Six days before the interview, my laptop crashed and we lost our entire demo.

Brandon: THANK YOU THANK YOU THANK YOU.

I'm glad you mentioned how you lost your work because of lack of a backup. There are quite a few snarky comments here about it, mine won't be one of them. Instead I thank you for your candor.

There are some cultures where mistakes and failures aren't explicitly mentioned; they're swept under the rug (wouldn't want to lose face!). I hate that. Instead I think we can all learn a great deal by reading someone say (in not quite as vulgar words): "I fucked up. I made a very simple, stupid mistake". It's of course implied the takeaway is "don't be as stupid as I was".


Yeah, agreed on that one. When I read that line, my first thought was, "GAH! Why wasn't he storing this in source control somewhere remotely?!"

And then I stepped back for a second and remembered that just 4 months ago my laptop was stolen and I lost 6 months worth of photos... which of course I hadn't backed up anywhere.

We all make mistakes. We all forget things in a time crunch that don't seem so important until something really bad happens.


Indeed, I've always been insanely over protective of data (since I had a hard drive crash in the 90's take out an essay I was writing for school) but for some reason I never applied that to my phone.

Then my phone and wallet got stolen and it was a massive mess as it had access to just about all my critical stuff (dropbox, google apps, email accounts etc) and I had no remote wipe and no password on it (yeah I know).

Now I have both remote wipe, a strong password and very little sensitive data on my new phone, far too easy to lose the keys to the kingdom.


If you were to encrypt your phone, you'd not have to worry about it being stolen with sensitive data on it.

If you are using remote wipe without encryption, all the thief needs to do is drop it in a foil bag.


Only if the phone was off when it was stolen, or it was on, and you absolutely trust the security of the screen lock, which I'd be wary of.


And thank you for this comment.

You point out one of the most poisonous things about nerd culture.
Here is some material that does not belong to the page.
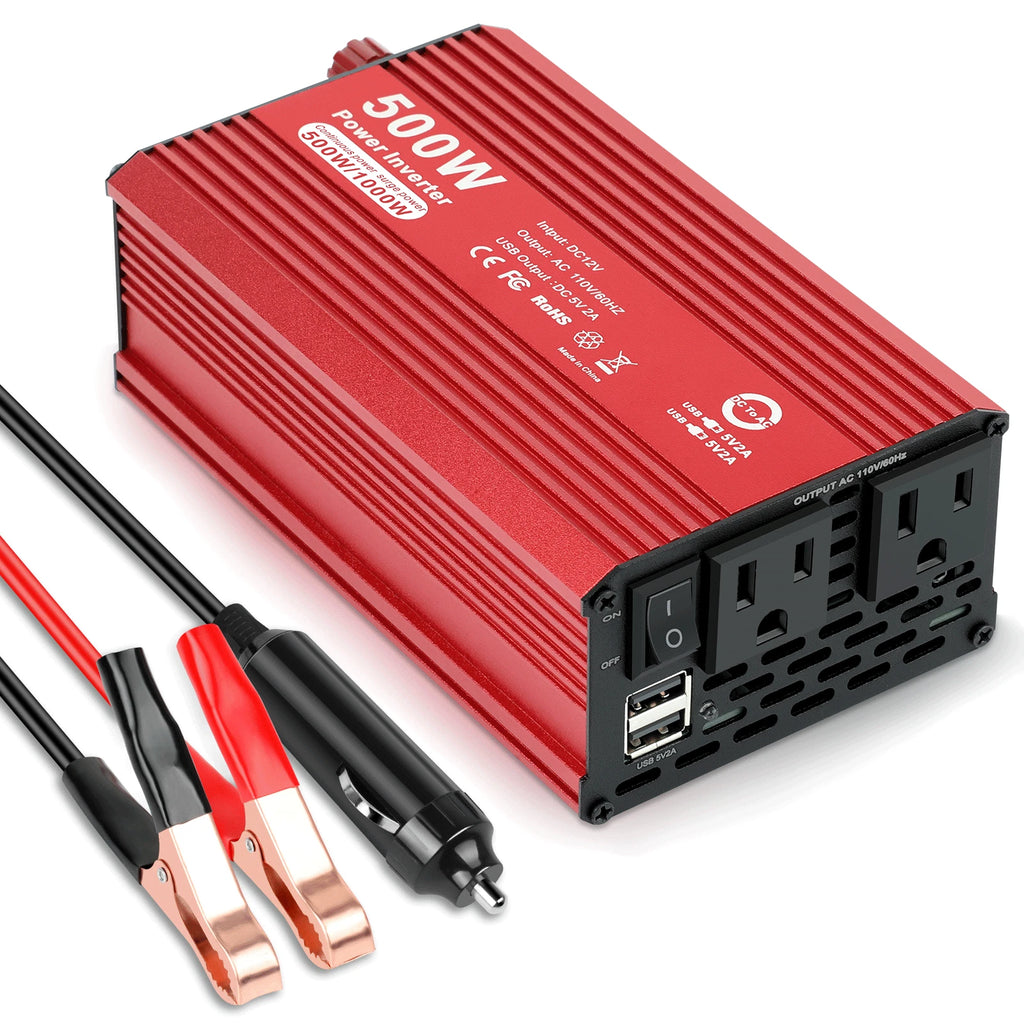 Car Power Inverter DC 12V to AC 110/120V Converter Adapter Charger USB AC Outlet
By pointing out when people are doing something that is in retrospect stupid, we train them to hide mistakes.

I've done it plenty myself, so I'm casting no stones here. But there's a giant gap between appearing smart and being smart. We rightly value smartness, which is great. But by playing Nelson to stupid mistakes and stupid questions, we encourage the appearance of smart over actual learning. To keep getting smarter, you have to be willing to look stupid sometimes.


I don't know when all this happened, or when this interview was, but while I'm certainly not always 'backed up', there really is very little excuse for loss nowadays.
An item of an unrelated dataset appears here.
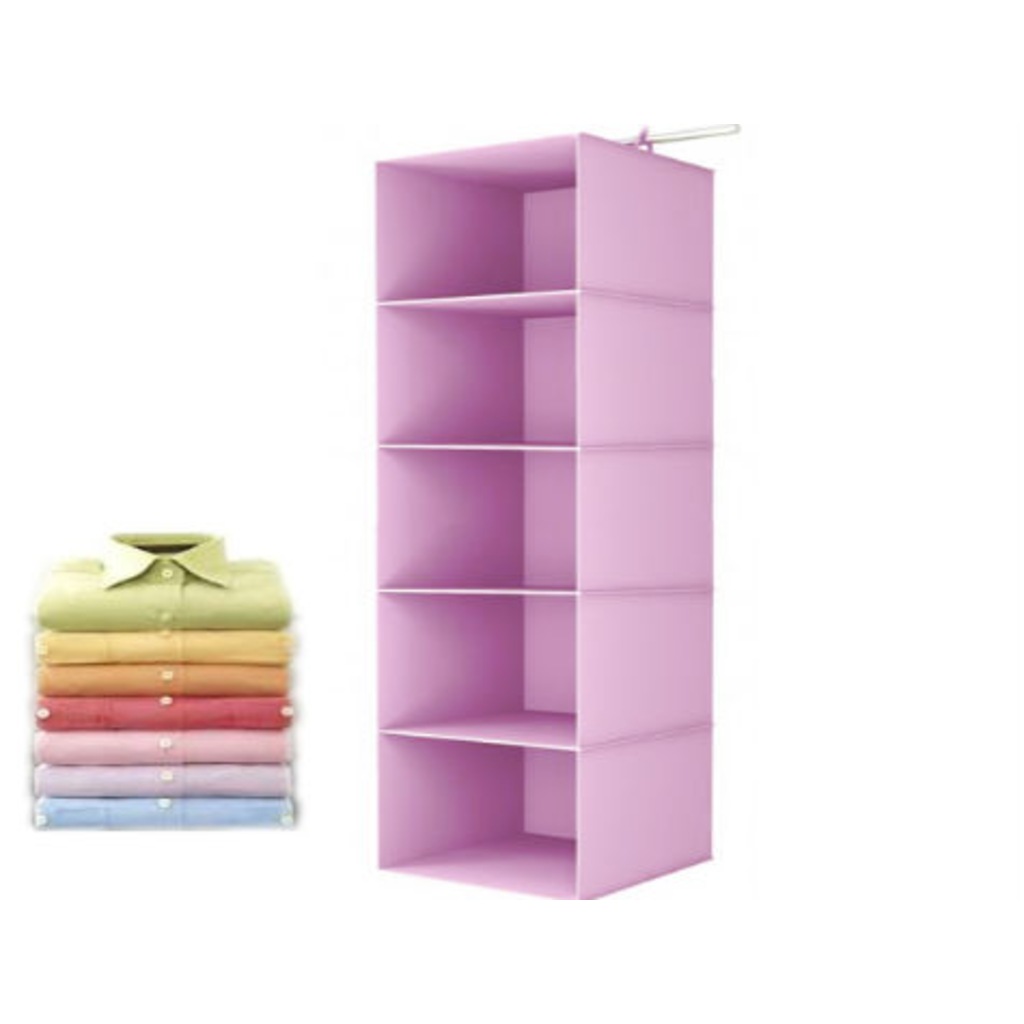 5 Gözlü Gardolap Organizer Pembe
Between Github, S3, Dropbox, etc., it just about takes effort to be in a position to lose data.

That said, I don't mean to fault the author as much as I want to encourage everybody to start using the tools available as part of their every day routine. If you're in a position now where catastrophe to a hard drive or a stolen laptop could affect your business in any way, you're doing it wrong, and it takes practice and regiment to correct, so start correcting it now, or you never will until it's too late.


Just to let you know there companies with cleanrooms that can get back the data of your HDD. You will have to pay a big bunch of money but in these cases it worths it. And they are really efficient. I saw a guy doing it for the cloud of his company, almost all HDDs are saved even one that was burned by a lightning strike.


I'm the OP. This happened two years ago, but I figured I'd post it now since YC interviews start tomorrow, and I already heard of one person in this batch who's going through the same thing. Good luck to everybody interviewing! If you have any questions, I'm game.


Six days before the interview, my laptop crashed and we lost our entire demo.

I am constantly shocked how intelligent technology people frequently fail to make backups.

Backups are so easy today - USB sticks, cloud backup, server backup, etc. Why do so many people ignore this basic step?


It's kind of like eating your vegetables and exercising. You know you ought to. But most people don't.

You'll never lose money betting on aggregate laziness and lack of foresight.


Just put all your project files in Dropbox!

Seriously, it's so easy. Every time you hit save, you'd have to try to lose the file. Pair this with git going to github or bitbucket and it would take several well placed nuclear explosions to destroy your work.

If my laptop instantaneously combusted at any point in time I would, at maximum, lose approximately 6 seconds of work (or the last time I hit "save"), and could set up a new laptop and be productive on it in about an hour (to install Dropbox and give it time to sync, Sublime, iTerm, Chrome, and custom keyboard hacks). Pet peeves, man.


I used to do this, but then when compiling the project the Dropbox client would shoot to over 70% CPU usage and the fan on my laptop would go into overdrive.

Switch to GitHub/BitBucket


This is due to churn on the compiled files right? The fix would be to compile these files someplace outside of dropbox. (Because the important artifact you want to back up is source code, not binaries). Depends on your language / build tool for how complicated this would be...


CMake encourages out of tree builds. I find them superior to in tree builds in most cases. But if it is just a random utility that I'm compiling from the Internet and do not intend to dev on, in tree works fine for me.


A suggestion off the top of my head would be writing a script that pauses Dropbox syncing before running a compiler. (From a quick Google search, there seem to be a couple of scripts already written that do this.)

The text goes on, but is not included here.